Whatever the case, one ranger said that if they had stayed in Kelly's camp 10 more minutes, there was a possibility they would have never made it out. All told, about 1,000 people were evacuated in the vicinity of the fire from about 7 to 10 p.m. noted ranger Micah Alley.

At 8:38 p.m. several buildings were on fire at the Wheeler Cabin compound, save for the main cabin. Firefighters saved that building after they saw smoke coming out of the eves. They used a fire extinguisher inside the cabin to put out the initial fire in the inside of the roof and then sprayed the ceiling with water.

Fire officer Jeremy Harker said the roof of the Lake McDonald Ranger Station was on fire, too.

Firefighters threw a sprinkler on top of it to put the fire out.

Not everyone evacuated. Private landowners who stayed say they put out fires near their homes with buckets that night, as flames licked the sides of their homes.

The fire was so hot it bubbled the paint off the homes.

There will be no written report on the fire, called a “lessons learned” report that often follows fires of this magnitude.

“The video is a stand-alone product with no plans for a written report at this time,” said Park Service spokeswoman Vanessa Lacayo.

Meanwhile, residents have plans to rebuild at Kelly's Camp. This summer electrical and phone services are being extended to the camp. Three cabins from Kelly's Camp survived the blaze.

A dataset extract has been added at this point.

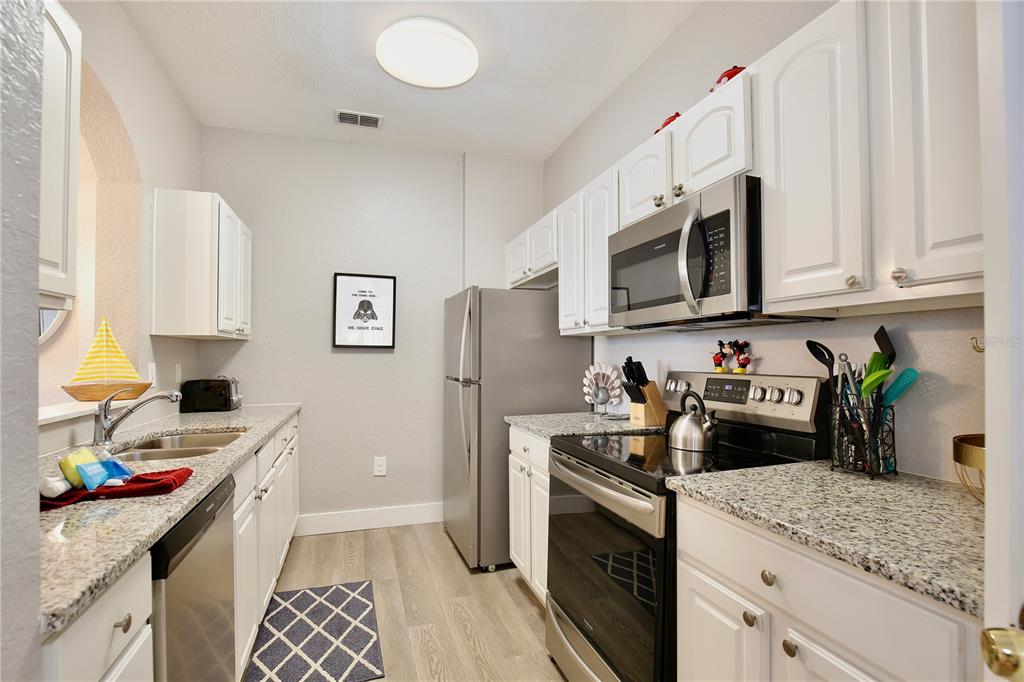 A galley kitchen features white cabinets, granite countertops, stainless steel appliances, and light wood flooring — 2821 ALMATON LOOP UNIT 301, KISSIMMEE, FL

“August 12 was one of the most challenging and heartbreaking nights in Glacier's history,” said Glacier National Park Superintendent Jeff Mow. “Words cannot do justice the thanks we give to our local county, state, and federal firefighting partners who arrived the night of August 12 in our time of great need. While 2018 fire recovery efforts are well underway for both the park and private homeowners, we can't lose sight of future fire seasons. These events and others we have seen throughout the West show us that we must continue fuels mitigation efforts, strengthen our wildland fire response capabilities, and as residents and visitors in this forested region, enhance our own personal firewise and evacuation strategies.”